_The problem_.
Copy exactly the line containing "this 1344×896 image." and all the lines that follow it to the end of the records, minus the pictures.
*** Exercise data ***
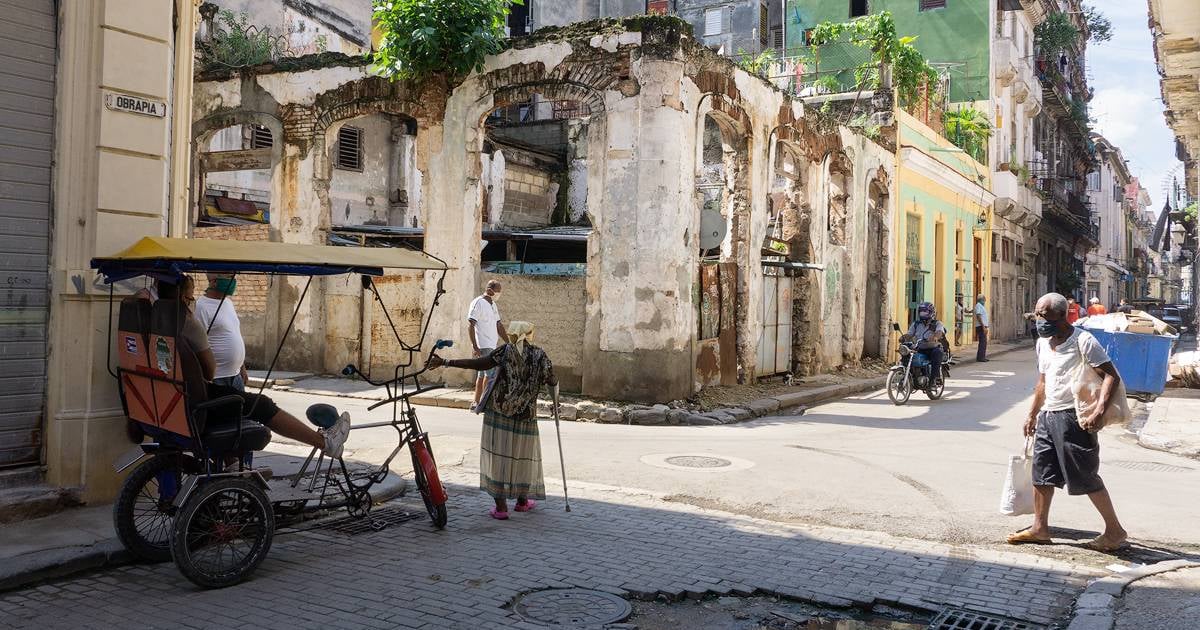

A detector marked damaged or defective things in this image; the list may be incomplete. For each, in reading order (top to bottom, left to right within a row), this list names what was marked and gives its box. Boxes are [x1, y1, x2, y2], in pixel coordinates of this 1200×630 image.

rusted metal sheet [202, 148, 274, 171]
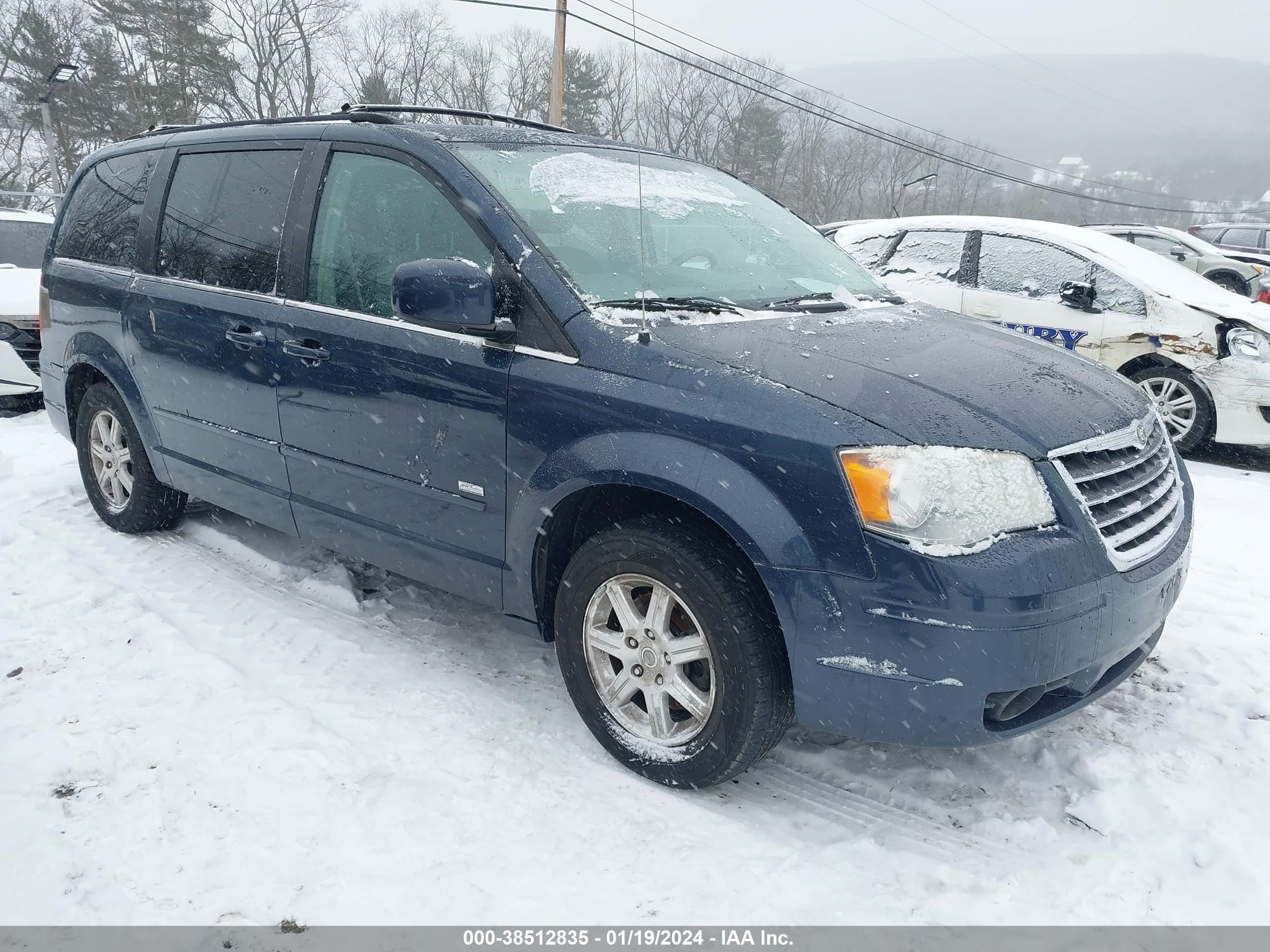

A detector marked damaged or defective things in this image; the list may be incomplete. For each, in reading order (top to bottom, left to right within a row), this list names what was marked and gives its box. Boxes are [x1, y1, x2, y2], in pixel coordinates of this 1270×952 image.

white damaged car [828, 217, 1270, 454]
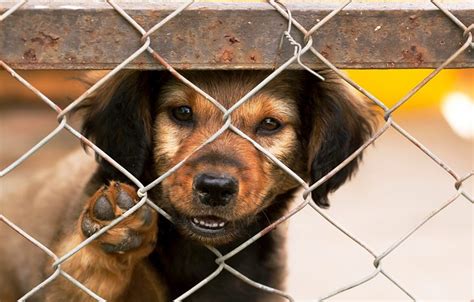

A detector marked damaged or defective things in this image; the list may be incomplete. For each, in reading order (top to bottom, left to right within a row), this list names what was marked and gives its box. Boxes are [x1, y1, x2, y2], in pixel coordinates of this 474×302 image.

rusty metal beam [0, 1, 472, 69]
rusted metal bar [0, 1, 472, 69]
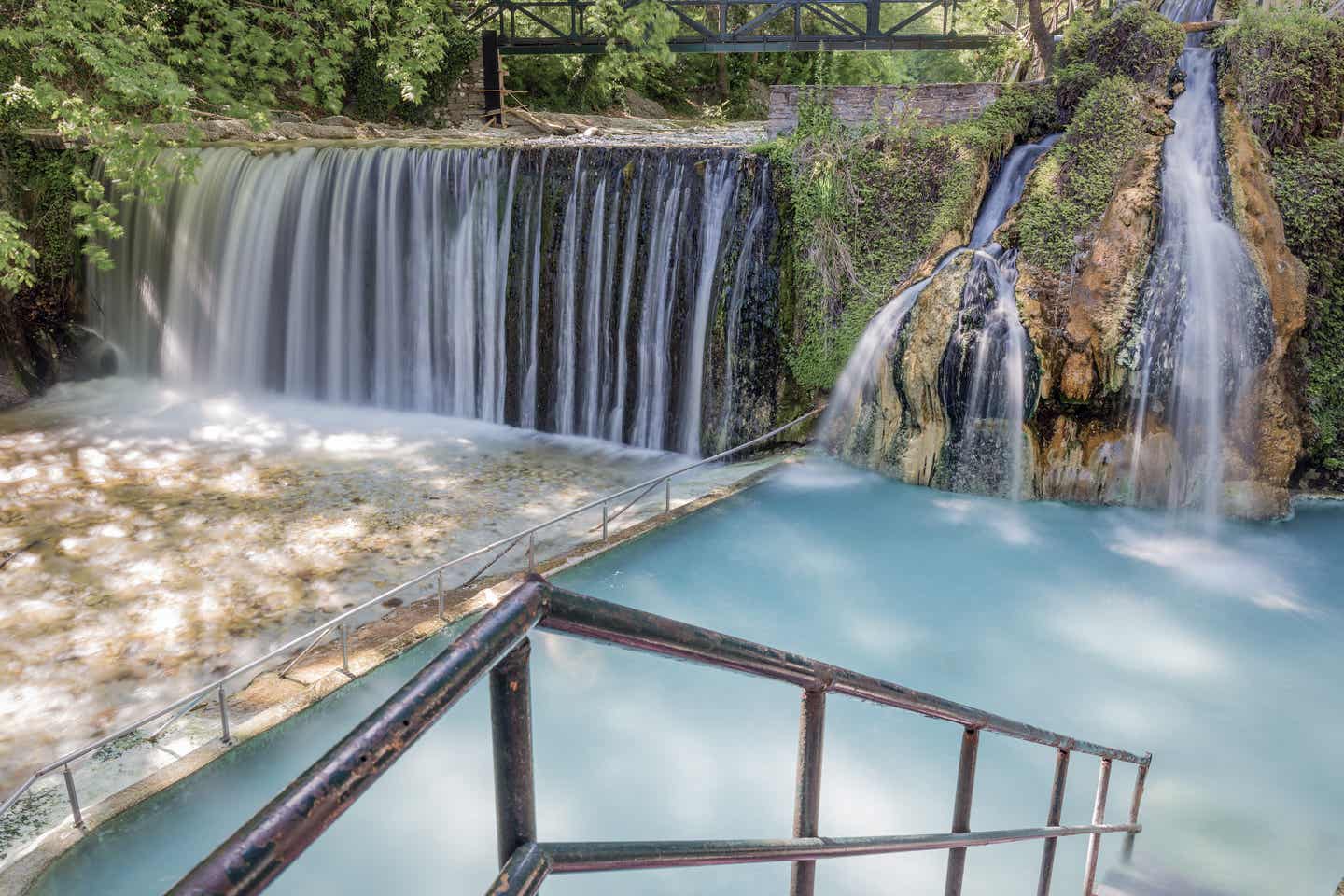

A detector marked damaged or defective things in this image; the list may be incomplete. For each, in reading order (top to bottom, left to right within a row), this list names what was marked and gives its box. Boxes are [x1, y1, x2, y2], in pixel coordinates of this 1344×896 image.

rusty metal railing [0, 407, 818, 840]
rusty metal railing [171, 579, 1157, 892]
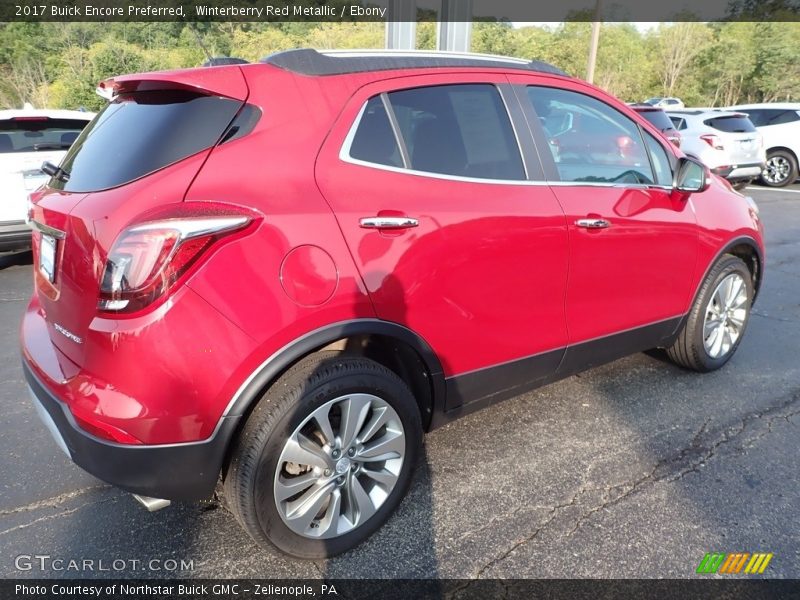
*** End of Exercise data ***
_Reply_.
A detector marked damaged or defective things in this image; the list may be incomplete. For each, in reading order (top to bottom, left to right within a row), this list names what was marked and gives its box. Boxes are [x1, y1, x2, y2], in pixel coordinates of this 1344×896 image.

rusty metal railing [0, 407, 818, 840]
rusty metal railing [171, 579, 1157, 892]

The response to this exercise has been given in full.